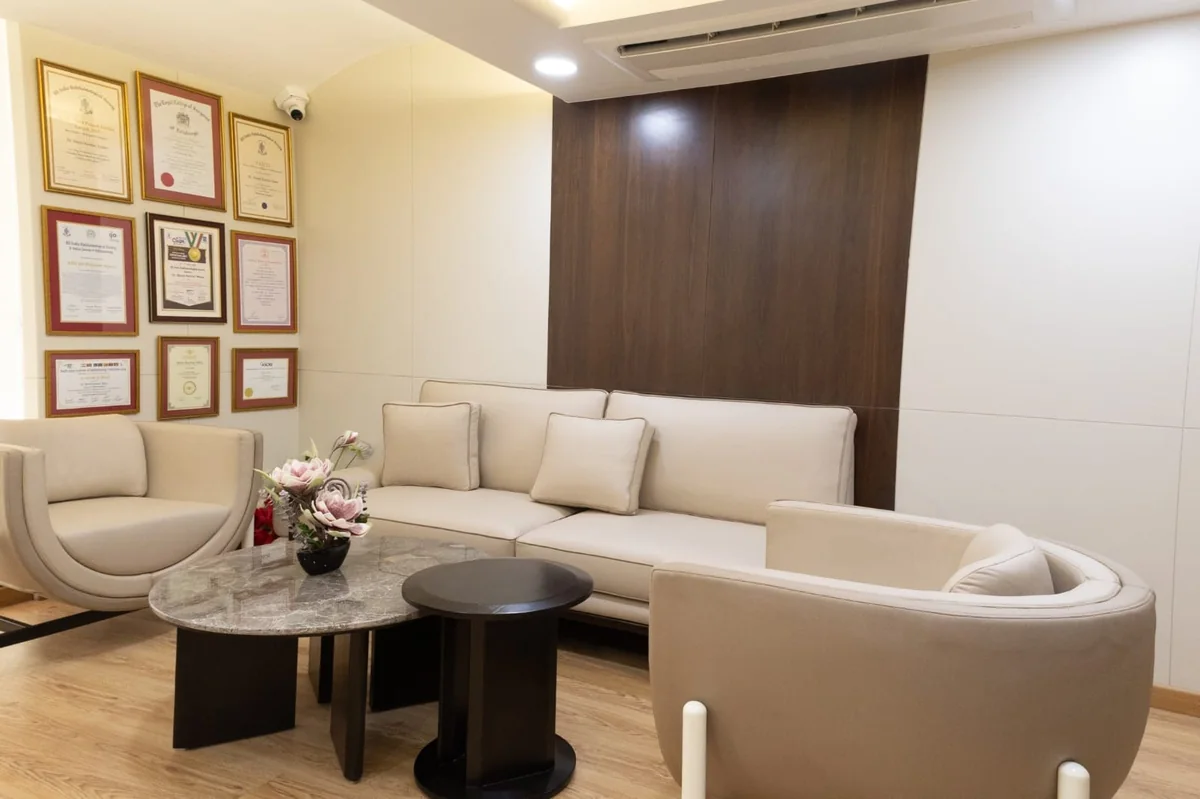 NeoVision lounge with international awards wall
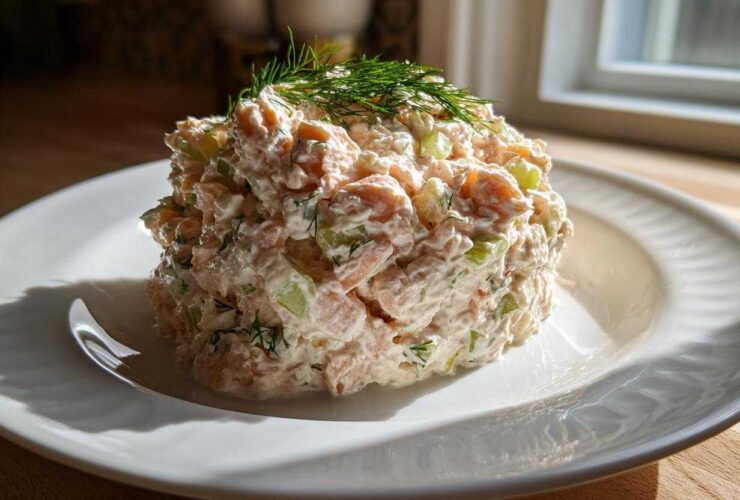 A mound of creamy salmon salad mixed with celery and topped with fresh dill, served on a white plate.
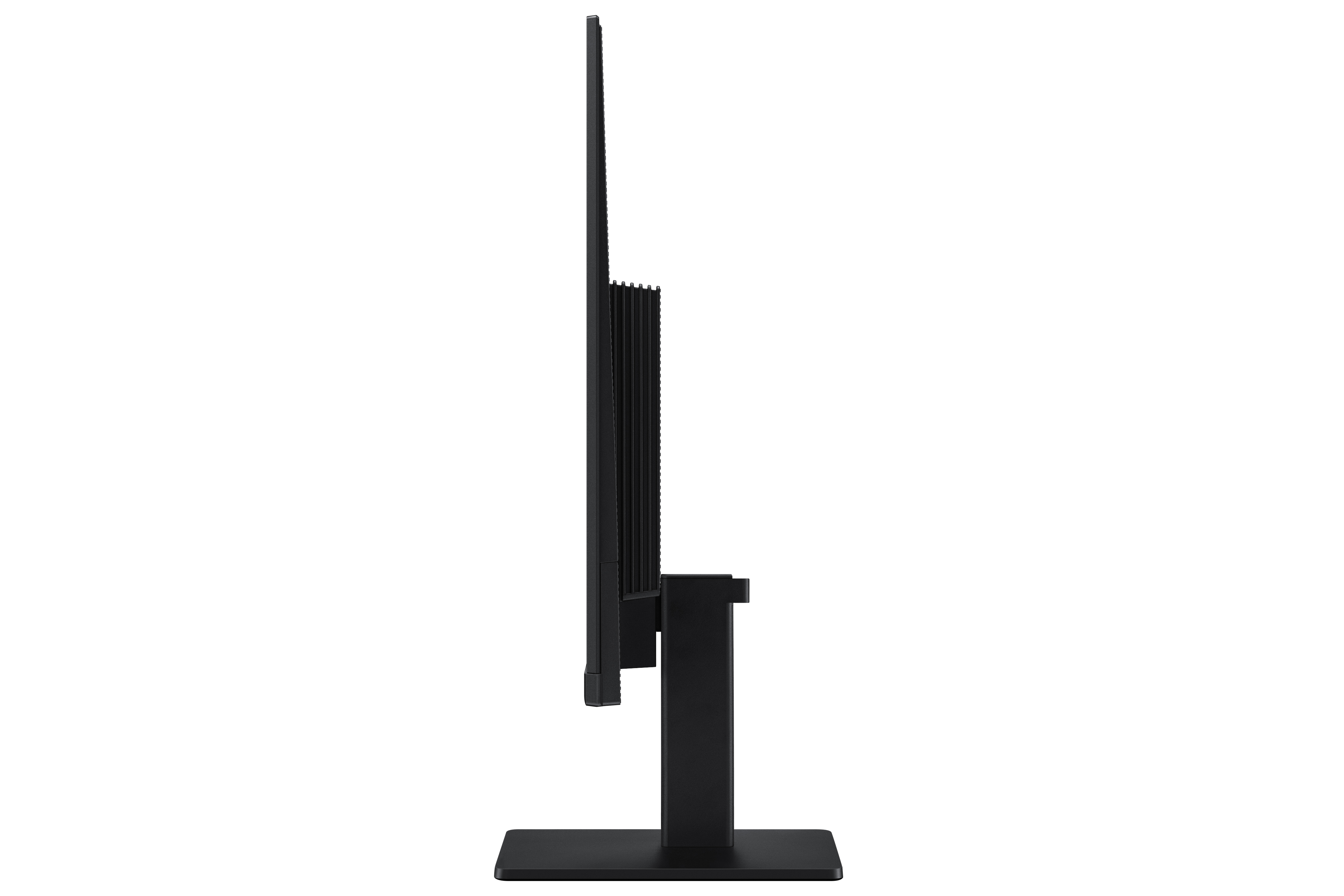 Schwarzer Computermonitor, Seitenansicht, mit Ständer und sauberem, weißem Hintergrund.
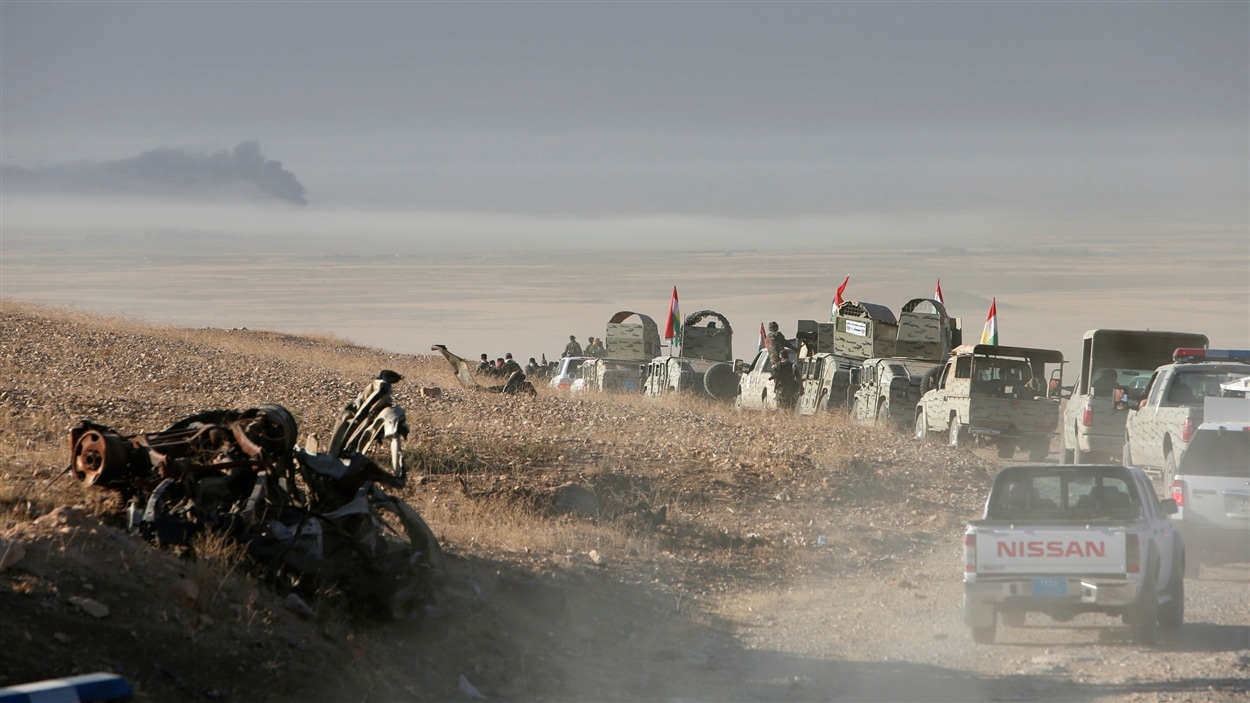 Les forces peshmergas avancent dans l'est de Mossoul, en Irak.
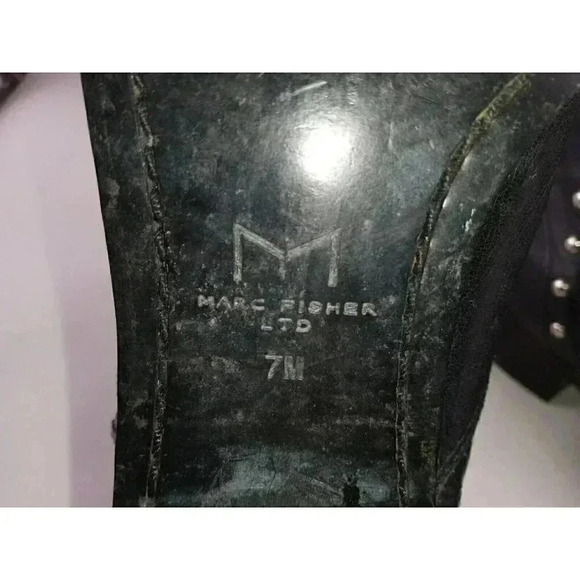 Marc Fisher  Mlyienta Women Chelsea Boots Black Leather Pointed Toe Pull On 7M - Picture 11 of 12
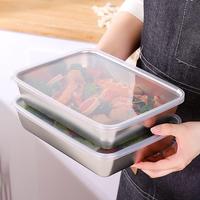 Stainless Steel Food Storage Box, 3 Counts/set Square Food Storage Container, Durable Bento Box with Lid, Lunch Box, Kitchen ...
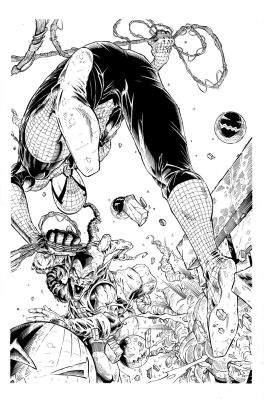 Josh Medors | Spider-Man Battling Green Goblin Detailed Pinup (2005) | Romitaman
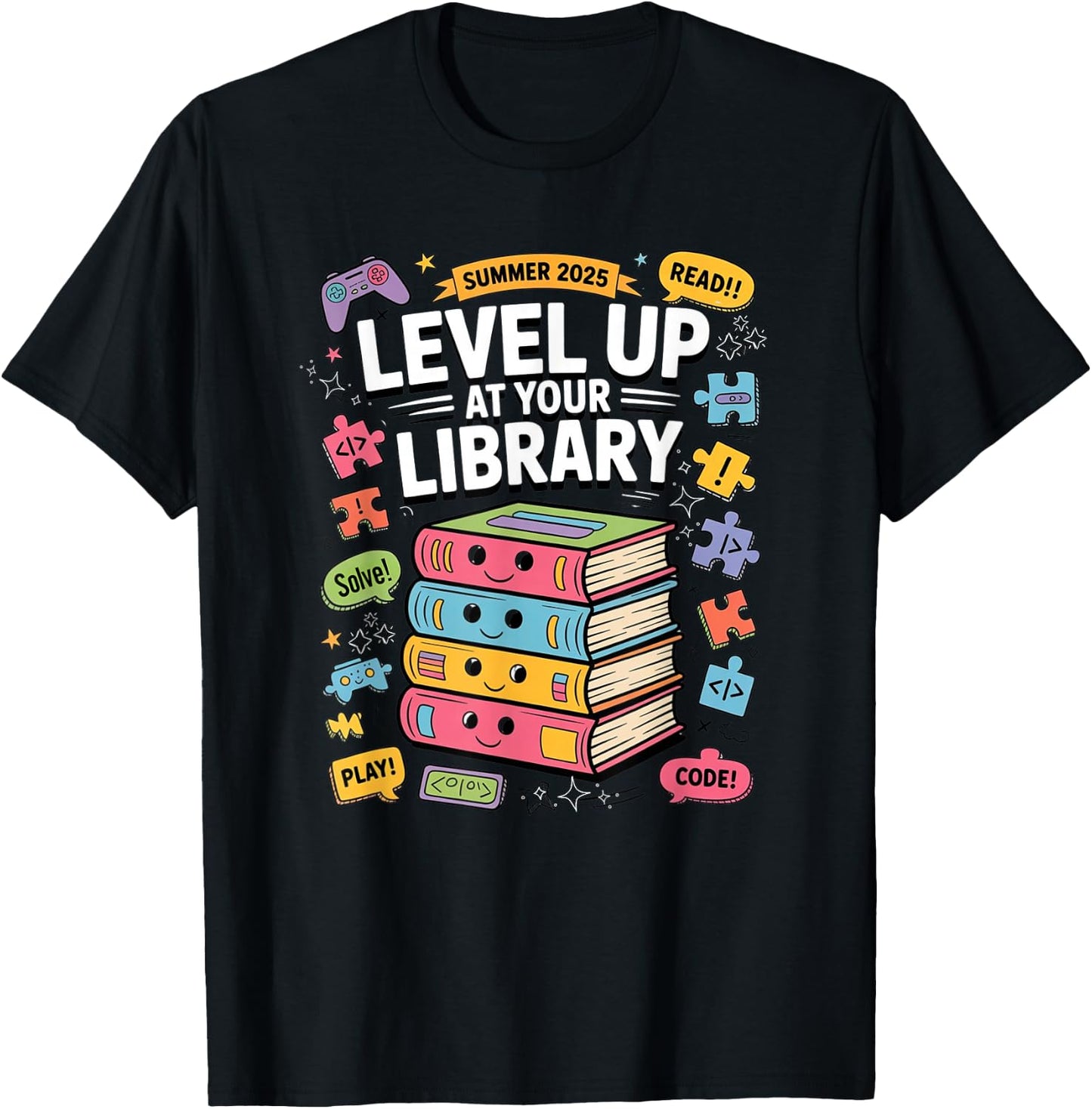 Level up at your Library Challenge Summer 2025 Read Code T-Shirt - T-Shirt | Black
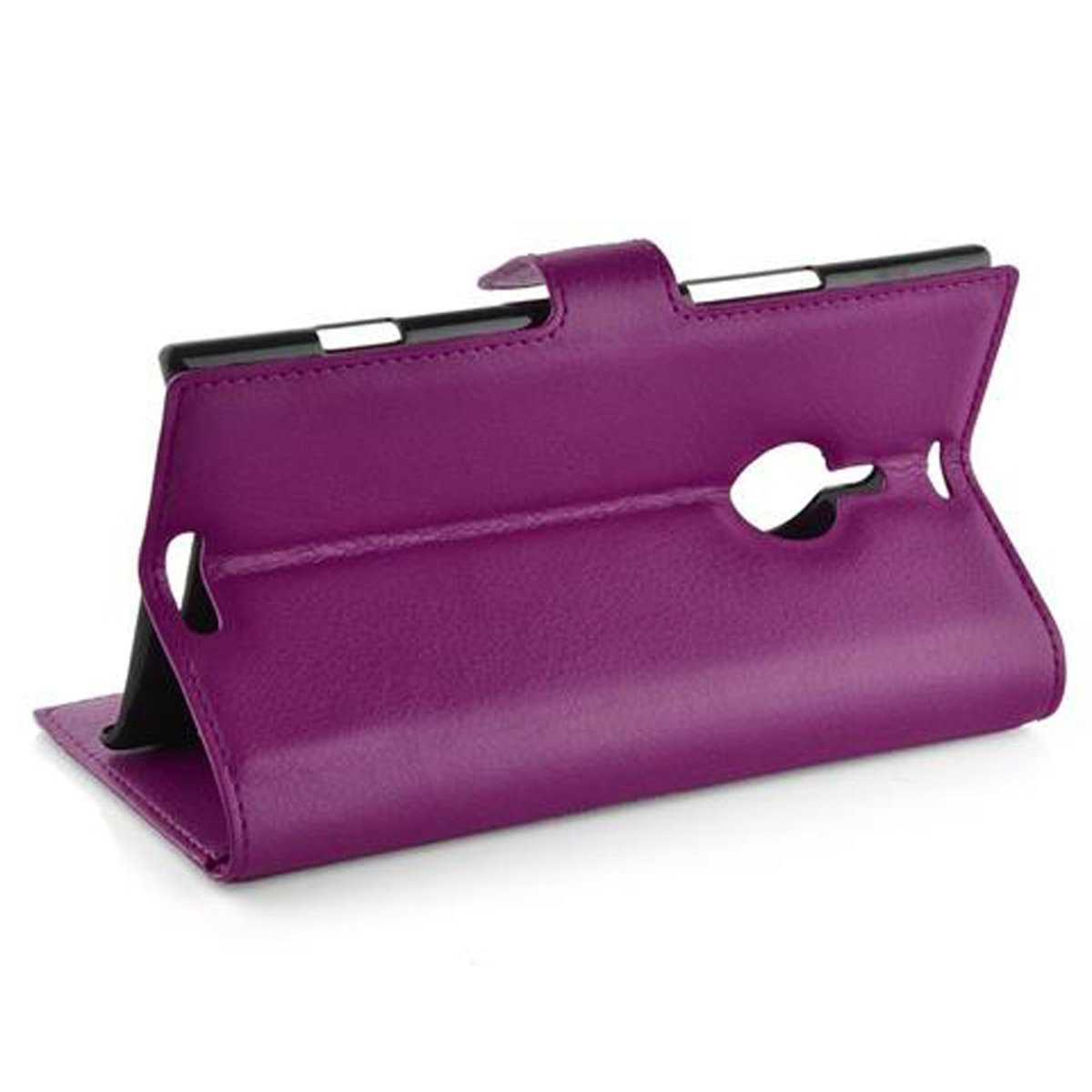 Custodia per tablet viola. È aperta e in modalità supporto, con un tablet all'interno.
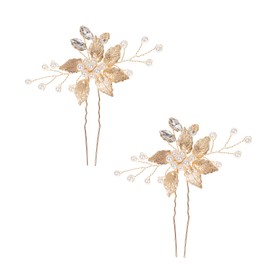 2 Pcs Gold Bride Wedding Headpiece, Pearl Leaves Hair Pins Accessories, Vintage Golden Leaf Hairpin, Bridal Crystal Flower Hair Pieces, Bridal Headpiece for Women and Girls (Gold)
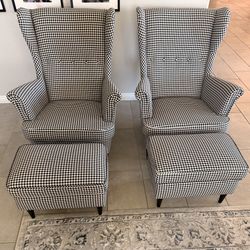Chairs With Ottoman, Set Of 2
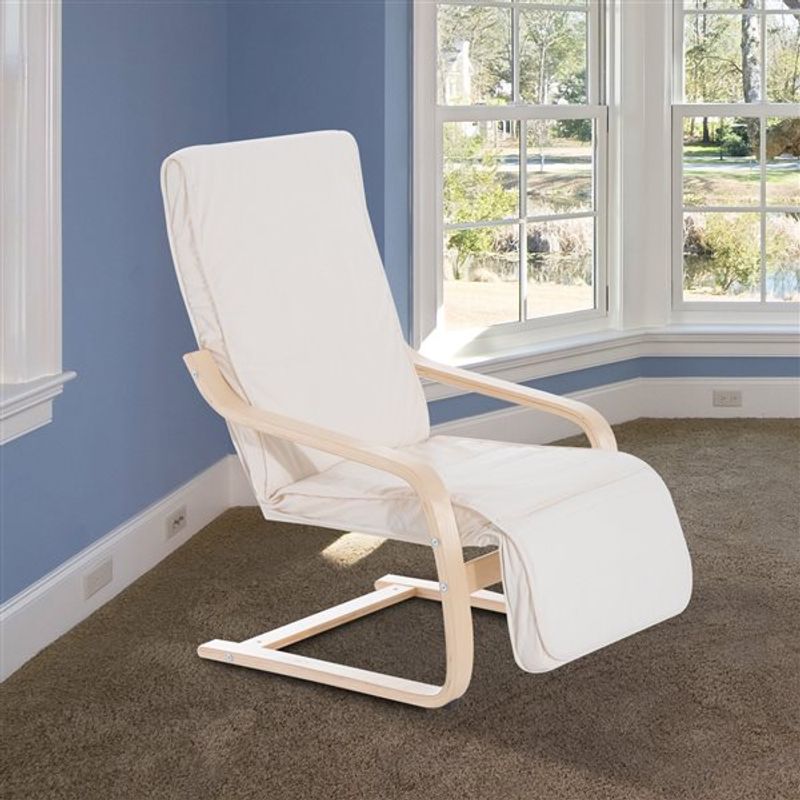 Sillón relax Homcom reposapiernas ajustable beige 100x66,5x81 cm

====================

| WHAT TO WORK ON |
Leave out all pictures and extract exactly the lines from the line with "Chairs With Ottoman, Set Of 2" through the end of the material.

| EXERCISE ANSWER |
Chairs With Ottoman, Set Of 2
 Sillón relax Homcom reposapiernas ajustable beige 100x66,5x81 cm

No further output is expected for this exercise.